Learning Hierarchical Domain Models Through Environment-Grounded Interaction
This addresses the challenge of enabling autonomous agents to plan effectively in varied tasks without relying on human input, though it is incremental as it builds on existing LLM and simulation-based methods.
The paper tackles the problem of generating accurate task-specific domain models for autonomous agents in open-world environments by proposing LODGE, a framework that combines LLMs with environment grounding and hierarchical abstractions, resulting in more accurate models and higher task success with fewer interactions and no human feedback.

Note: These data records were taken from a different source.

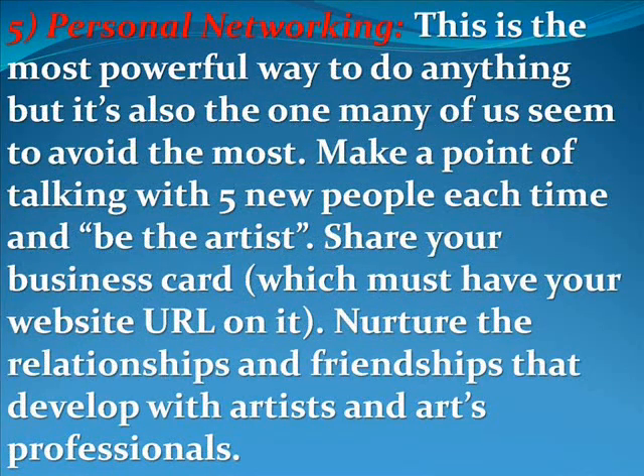Personal networking is the most powerful way to do anything, but it's also the one many of us seem to avoid the most. Make a point of talking with five new people each time and be the artist. Share your business card, which must have your website URL on it obviously. Nurture the relationships and friendships that develop with artists and art professionals.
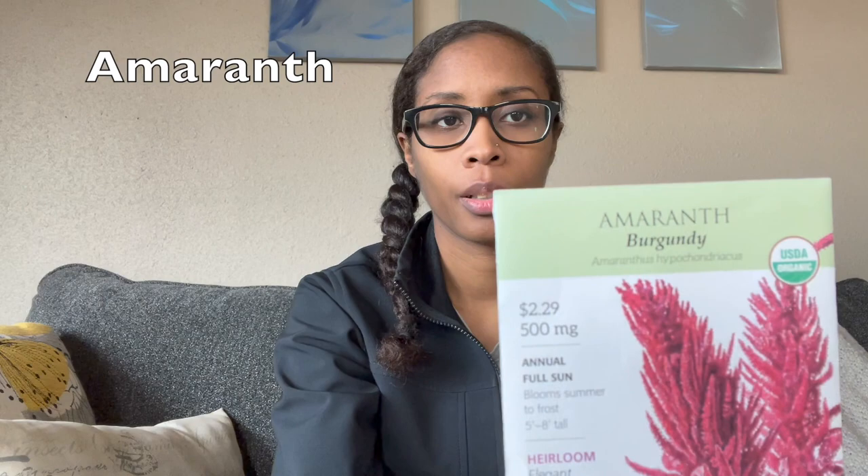Next one is burgundy amaranth. I grew this for the first time last year in this garden and had no idea what it was going to look like. It says five to eight feet tall on the packet, and they mean that — eight feet tall is real. These became massive, massive plants and I loved them. What I want to do is have these and really tall sunflowers at the edges of my arch trellises to do pops of color at the ends. I'm also going to grow them really close together so I can do smaller ones to use in cut flower bouquets.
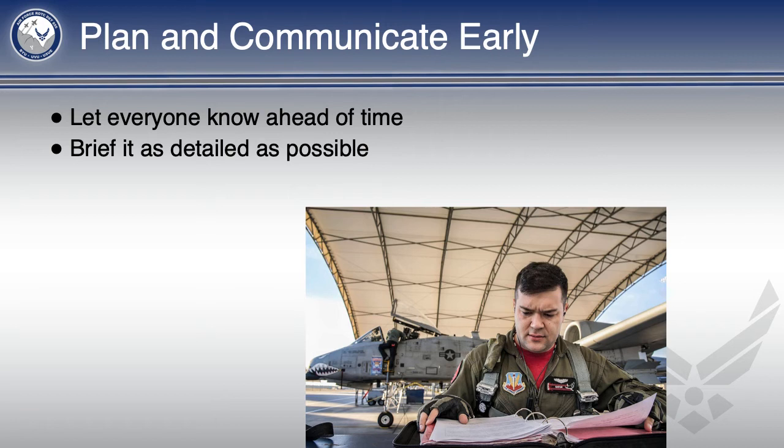Like the time I thought everyone knew how to fold their jackets properly, but they didn't. And in the 30 seconds we had to put our gear down and be in formation, I did not have enough time to explain it to them.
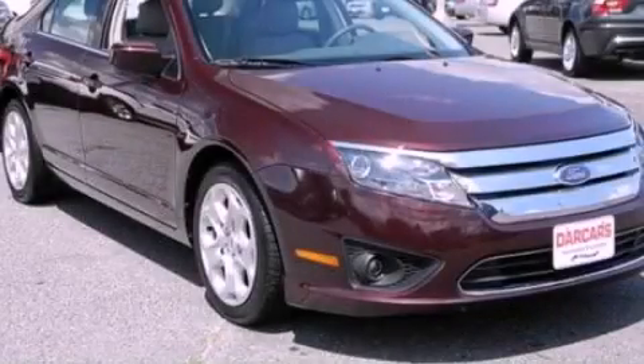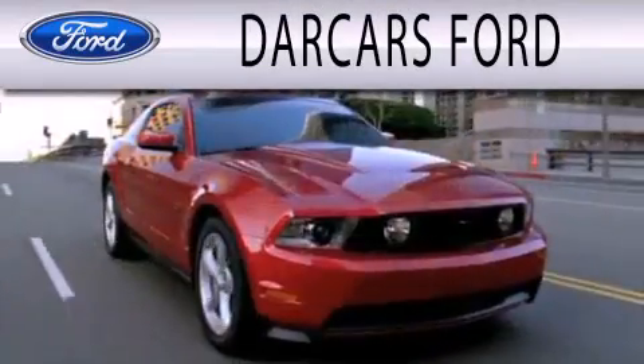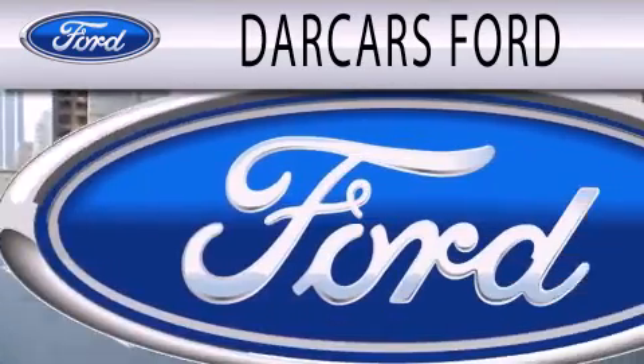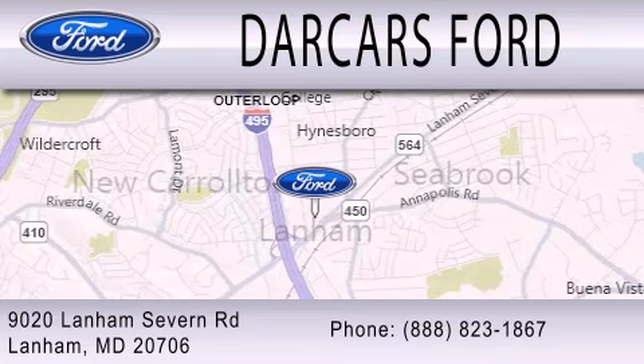This vehicle won't last long at this price. Call and arrange a test drive now. Darkars Ford is dedicated to doing everything possible to ensure that the experience you have selecting your next vehicle is as pleasant as possible. We are located at 9020 Lanham Severn Road in Lanham.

Domain models enable autonomous agents to solve long-horizon tasks by producing interpretable plans. However, in open-world environments, a single general domain model cannot capture the variety of tasks, so agents must generate suitable task-specific models on the fly. Large Language Models (LLMs), with their implicit common knowledge, can generate such domains, but suffer from high error rates that limit their applicability. Hence, related work relies on extensive human feed-back or prior knowledge, which undermines autonomous, open-world deployment. In this work, we propose LODGE, a framework for autonomous domain learning from LLMs and environment grounding. LODGE builds on hierarchical abstractions and automated simulations to identify and correct inconsistencies between abstraction layers and between the model and environment. Our framework is task-agnostic, as it generates predicates, operators, and their preconditions and effects, while only assuming access to a simulator and a set of generic, executable low-level skills. Experiments on two International Planning Competition ( IPC) domains and a robotic assembly domain show that LODGE yields more accurate domain models and higher task success than existing methods, requiring remarkably few environment interactions and no human feedback or demonstrations.